We used generalized additive models (GAM; [66]) to compare seabird counts to the two geographic factors (latitude and distance to shore) and the PCA1 score as an indicator of hydrographic conditions, hereafter, “hydrography”. We included year as a factor to account for variations in density among years. The count of each species of seabird within a hexagon was modeled with a negative binomial distribution and the natural log of transect area was included as an offset term to account for differing survey effort in different hexagons by year and season. GAM models were fit with the default smoother, a penalized thin plate regression spline [67].

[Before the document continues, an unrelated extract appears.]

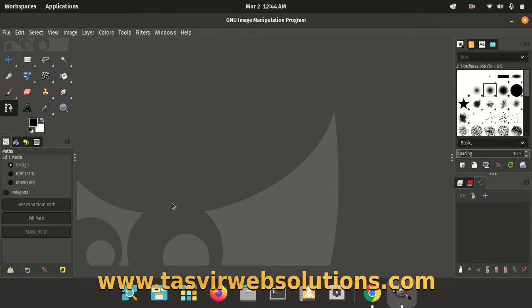In this video, I am going to show you how you can import a path in GIMP 2.10.30 from an SVG image.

We compared four different models containing the geographic variables (latitude and distance from shore) and hydrography: 1) a model with the geographic variables and hydrography varying by season; 2) a model with just the geographic variables varying by season; 3) a model with just hydrography varying by season, and 4) a model with no variables varying by seasons. We used the model with the lowest AIC score and highest model weight for inference [68].

Results

Oceanographic conditions

Denser near-bottom water (Fig 3) was generally cool (mean: 0.83°C, range: -1.72 to 9.82°C) and salty (mean: 32.4, range: 28.7 to 34.8) relative to the less dense surface water (Fig 4) that tended to be warmer (mean: 4.33°C, range: -1.12 to 10.06°C) and fresher (mean: 30.4, range: 25.5 to 32.4). In most years with sampling throughout the open-water period, surface water noticeably cooled from August to September (Fig 4), whereas in 2010 and 2017 temperatures in the upper 10 m of the water column remained relatively unchanged from the early to late season sampling.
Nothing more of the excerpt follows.